*TASK BRIEF*:
From the material below, reproduce exactly the stretch of lines that begins with the line holding "Edificio residencial en" and ends with the line holding "la fenêtre Verre", skipping the pictures.

*SOURCE MATERIAL*:
---
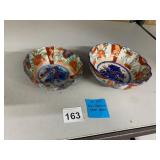 PAIR JAPANESE IMARI PORCELAIN BOWLS, SCALLOPED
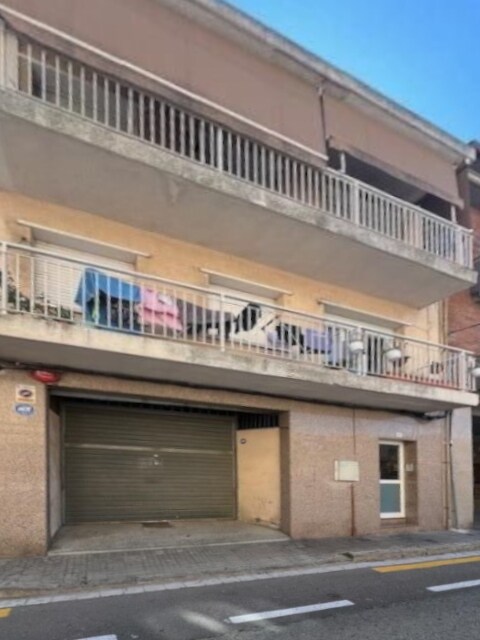Edificio residencial en Sant Vicenç dels Horts, Barcelona en venta Foto principal- Imagen 1 de 2
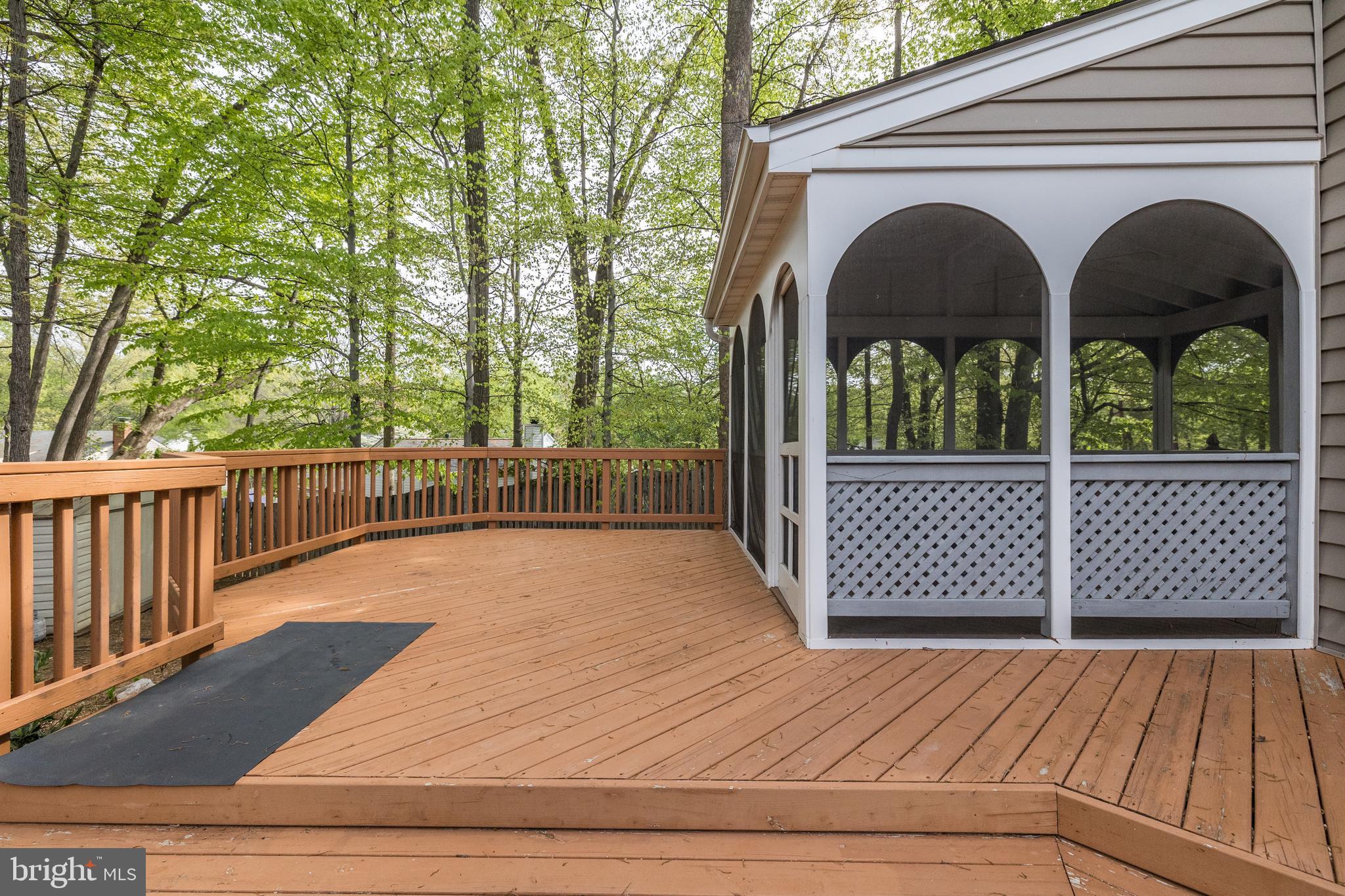 LAKE BRADDOCK - Residential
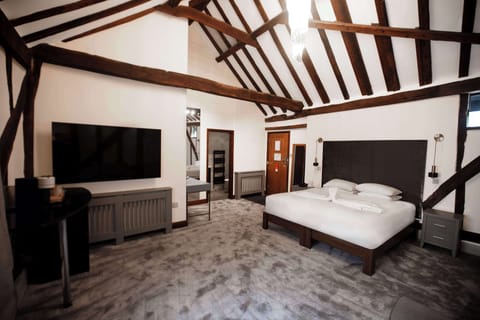 Suite, 1 King Bed, Non Smoking (Canopy Bed) | In-room safe, desk, iron/ironing board, free WiFi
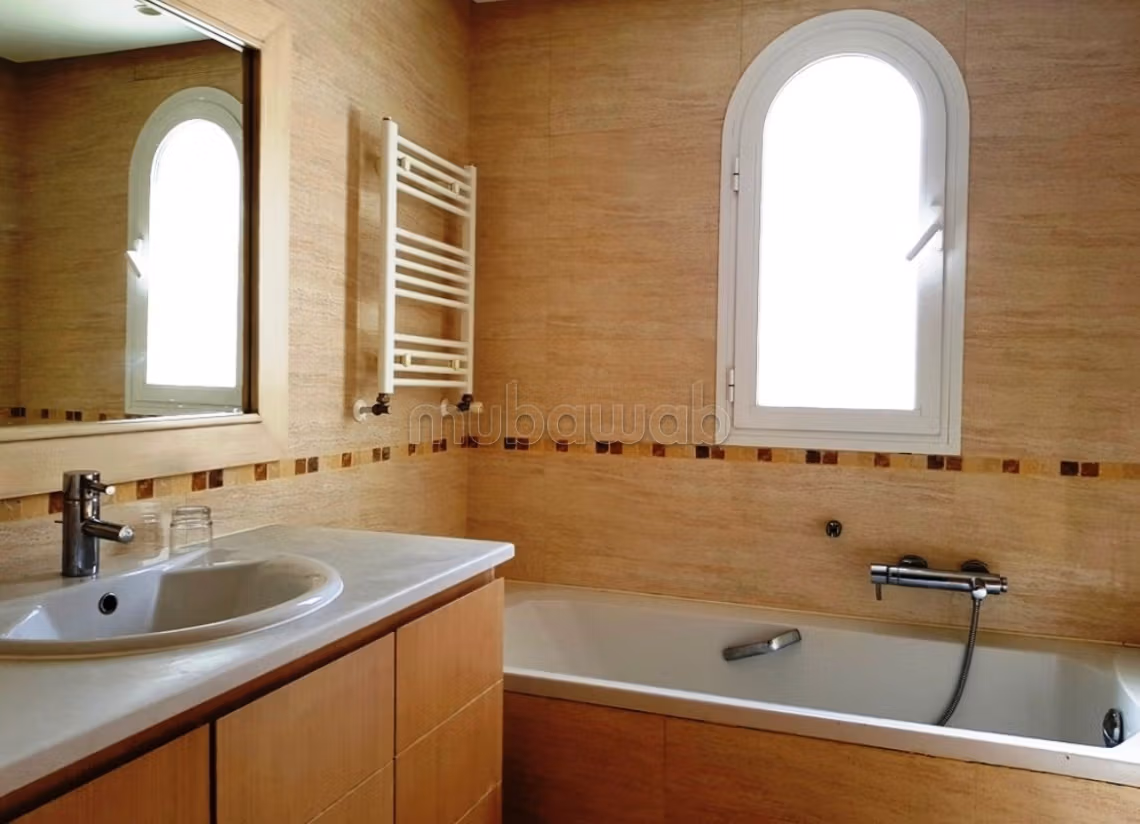 Villa avec piscine et vue mer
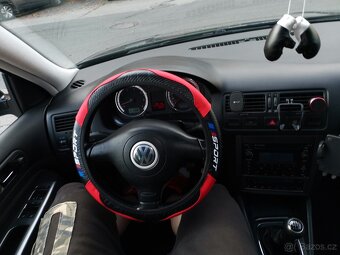 Prodám Golf IV Variant Comfort 1,4 55kw, - 6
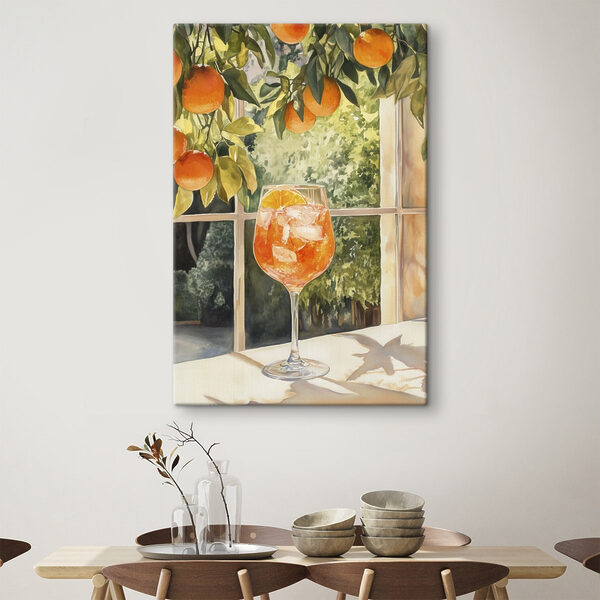 Verre de jus d'orange avec des glaçons et des oranges par la fenêtre Verre de jus d'orange avec des glaçons et des oranges par la fenêtre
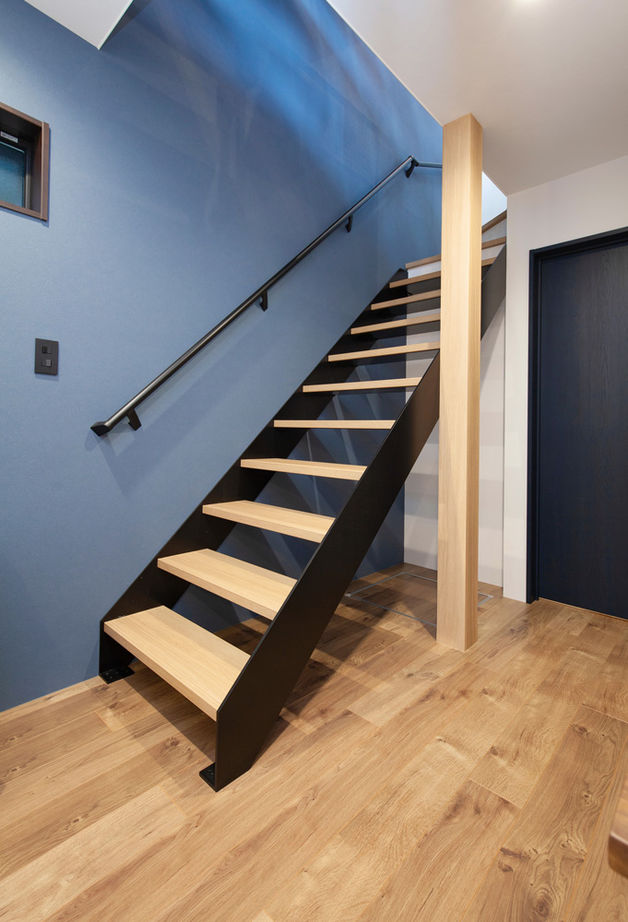 新栄建設　パナソニックビルダーズグループ 【2000万円台/39坪/２階リビング/間取り図有】ビルトインガレージのある3階建ての家の建築実例画像15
---
*TASK OUTPUT*:
Edificio residencial en Sant Vicenç dels Horts, Barcelona en venta Foto principal- Imagen 1 de 2
 LAKE BRADDOCK - Residential
 Suite, 1 King Bed, Non Smoking (Canopy Bed) | In-room safe, desk, iron/ironing board, free WiFi
 Villa avec piscine et vue mer
 Prodám Golf IV Variant Comfort 1,4 55kw, - 6
 Verre de jus d'orange avec des glaçons et des oranges par la fenêtre Verre de jus d'orange avec des glaçons et des oranges par la fenêtre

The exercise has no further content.